2.4. Decreased Endometrial Epithelial Tight Junctions in PCOS
Elevated testosterone levels influence the integrity of tight junctions in the endometrial epithelium by decreasing Claudin 4 (Cldn4) and Occludin, both of which are integral proteins for maintaining tight junction integrity. This hormonal effect may have significant implications for the process of embryo attachment and subsequent implantation [46]. There is a notable reduction in Cldn4 and Cldn1 in the endometrial epithelium in PCOS, contributing to compromised intercellular junctions. This disruption might further impair the endometrial receptivity [40,47].
2.5. Insulin Resistance Impairs Endometrial Receptivity in PCOS
Hyperinsulinemia and insulin resistance are common features of PCOS. Excess insulin disrupts the hormonal equilibrium vital for the endometrium’s proper functioning. The corresponding insulin resistance in hyperinsulinemia further aggravates the situation by demanding higher insulin levels for maintaining glucose balance. Consequently, there is a disturbance in the expression of key molecules for endometrial receptivity. Consequently, hyperinsulinemia is associated with decreased activation of insulin receptor substrate 1 (InRS-1) and impaired glucose transport in the endometrial stroma, potentially through inflammatory pathways [19,48].
Mice on a high-fat diet (HFD) that developed insulin resistance showed that this condition impairs uterine receptivity [49]. There is a notable decrease in the mRNA levels of Lif, Msx1, and Cldn4, suggesting compromised endometrial receptivity. Mitochondrial dysfunction and endoplasmic reticulum stress are features of peripheral insulin resistance [49]. Mitochondria play a key role in energy production, and mitochondrial dysfunction at the cellular level can affect systemic metabolic balance. There was a notable decrease in mitochondrial DNA within the uterus and an interruption in the normal function of mitochondria in insulin resistance mice during the implantation window.
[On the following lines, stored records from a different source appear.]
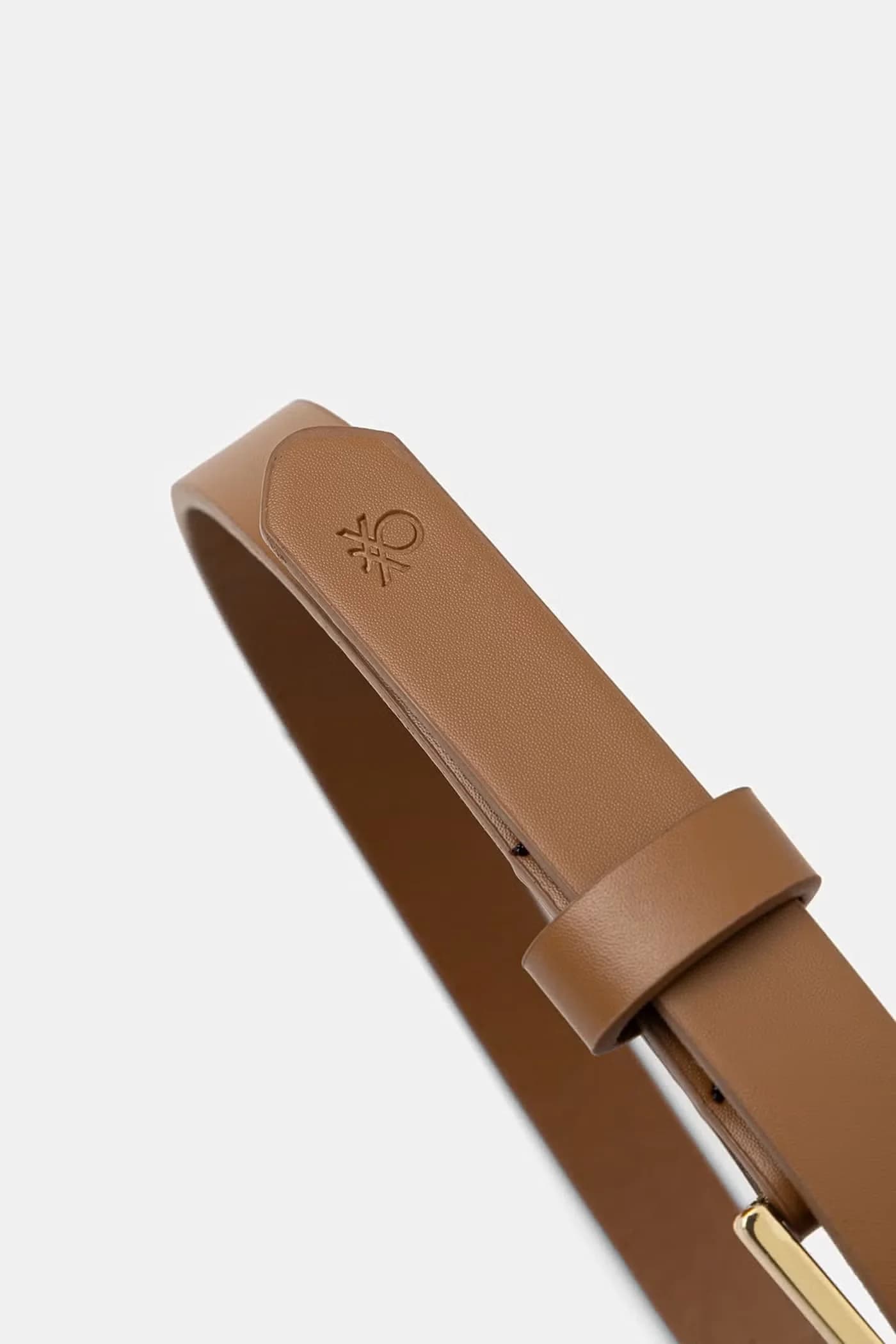 Женский ремень из искусственной кожи - фото 2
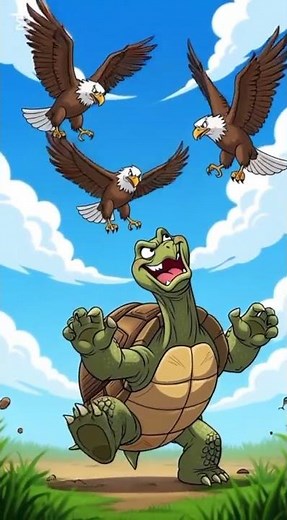 Why Tortoise’s Shell Became Hard #africanfolktales #tortoiseshellstory #prideandconsequence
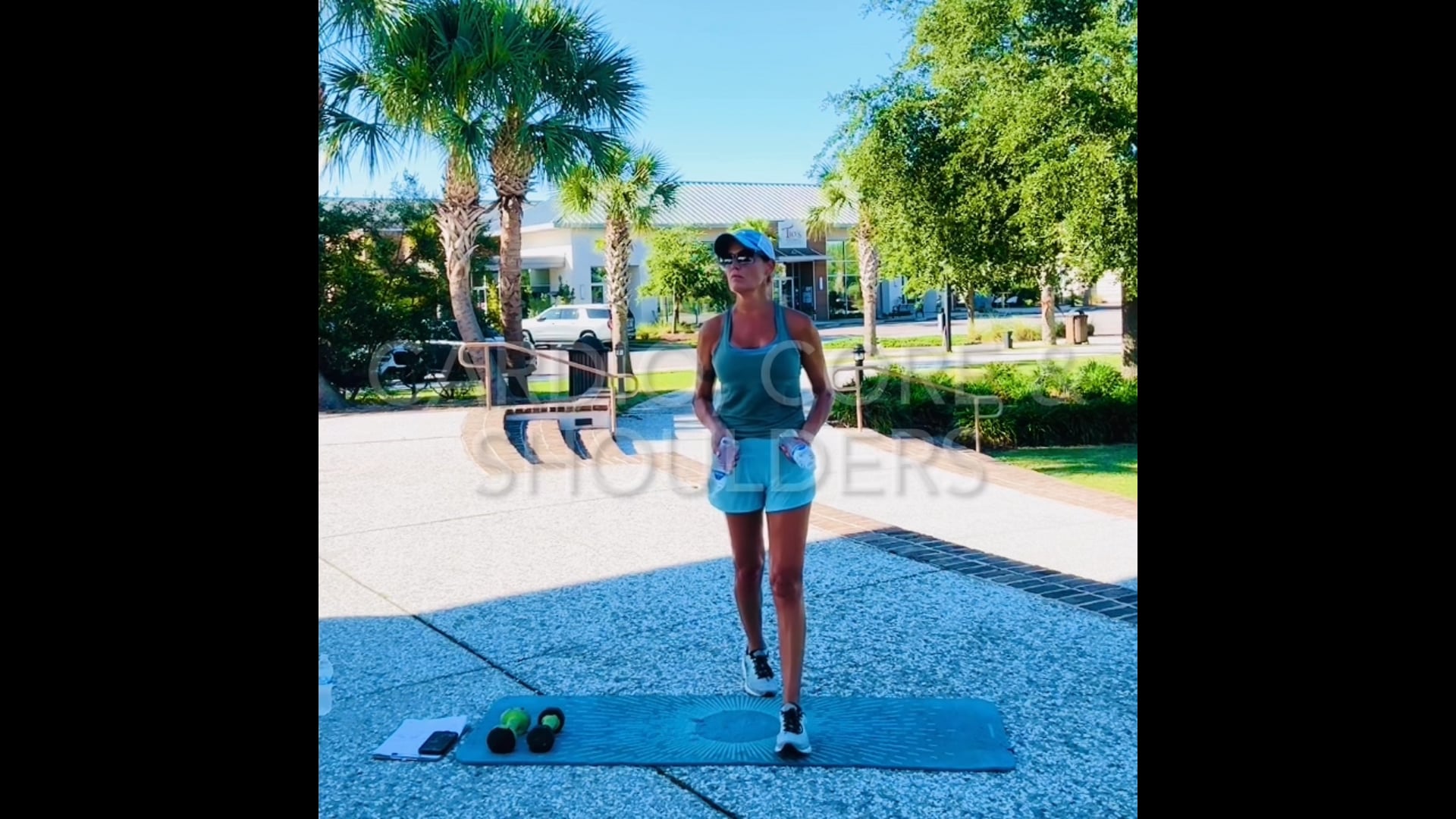 Cardio, Core & Upper Body (Series 4, Workout 8)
However, the gene expression associated with endoplasmic reticulum stress remained unchanged. This suggests that insulin resistance-induced mitochondrial dysfunction uniquely influenced the oxidative stress response, impairing the endometrial receptivity in the uterus [49]. In a PCOS-like pregnant rat model, there was noticeable swelling of the mitochondria within the stromal tissue. These mitochondria displayed a loss of their typical tubular structure and the internal folds known as cristae were indistinct and collapsed within the decidual stromal cells, indicating a mitochondrial dysfunction in stromal cells during pregnancy [50]. The recent wide acceptance of functional mitochondrial disorders as a correlated factor of numerous diseases has led to the presupposition that abnormal mitochondrial metabolic markers are associated with PCOS [51].
3. Decidualization in PCOS
Decidualization is a critical step of the endometrial cycle that creates a receptive microenvironment and prepares the uterine lining for the establishment of the placenta [52]. The human endometrium undergoes a cyclical regeneration during the menstrual cycle, triggered by fluctuating levels of estrogen and progesterone. During the mid-secretory phase, when progesterone levels are high, human endometrial stromal cells (hESCs) undergo a transformation. They differentiate to large epithelioid-like decidual cells through a process known as the decidual reaction. These decidualized cells establish an environment suitable for successful implantation of the embryo. Notably, human decidualization is embryo-independent, initiates spontaneously, and occurs in the secretory phase of the menstrual cycle [52]. Conversely, decidualization occurs after embryo implantation in mice [53]. Decidualization is controlled by the complex interplay of hormones and signaling cascades. Any disruptions in these interactions can compromise the decidualization process, resulting in a myriad of pregnancy disorders including infertility, miscarriage, and uteroplacental disorders. Overall, decidualization plays a critical role in both humans and mice, contributing to proper embryo implantation, development, and a successful pregnancy [54].
Decidualization regulates placental formation by controlling the invasiveness of trophoblast cells from the blastocyst. The maternal decidua secretes cytokines and growth factors to promote trophoblastic invasion [55]. The trophoblasts then adhere and invade into the maternal endometrium and form both the placenta and extraembryonic membranes. Furthermore, through cultivating a rich vascular network, the decidua supports nutrients, gas, and waste exchange between the fetus and mother [55]. Placentation also requires active tolerance mechanisms to prevent the rejection of the conceptus. The maternal decidua contains maternal immune cells which act as a barrier and establish defense against potential pathogens. Natural killer cells and macrophages also surround the invading trophoblast cells, aiding in the establishment of the placenta [56]. In sum, decidualization provides a nurturing environment for the developing embryo, facilitates nutrient exchange, and prevents immune rejection of the embryo. Likewise, inadequate decidualization of the endometrium can lead to abnormal implantation/placentation and adverse pregnancy outcomes [54].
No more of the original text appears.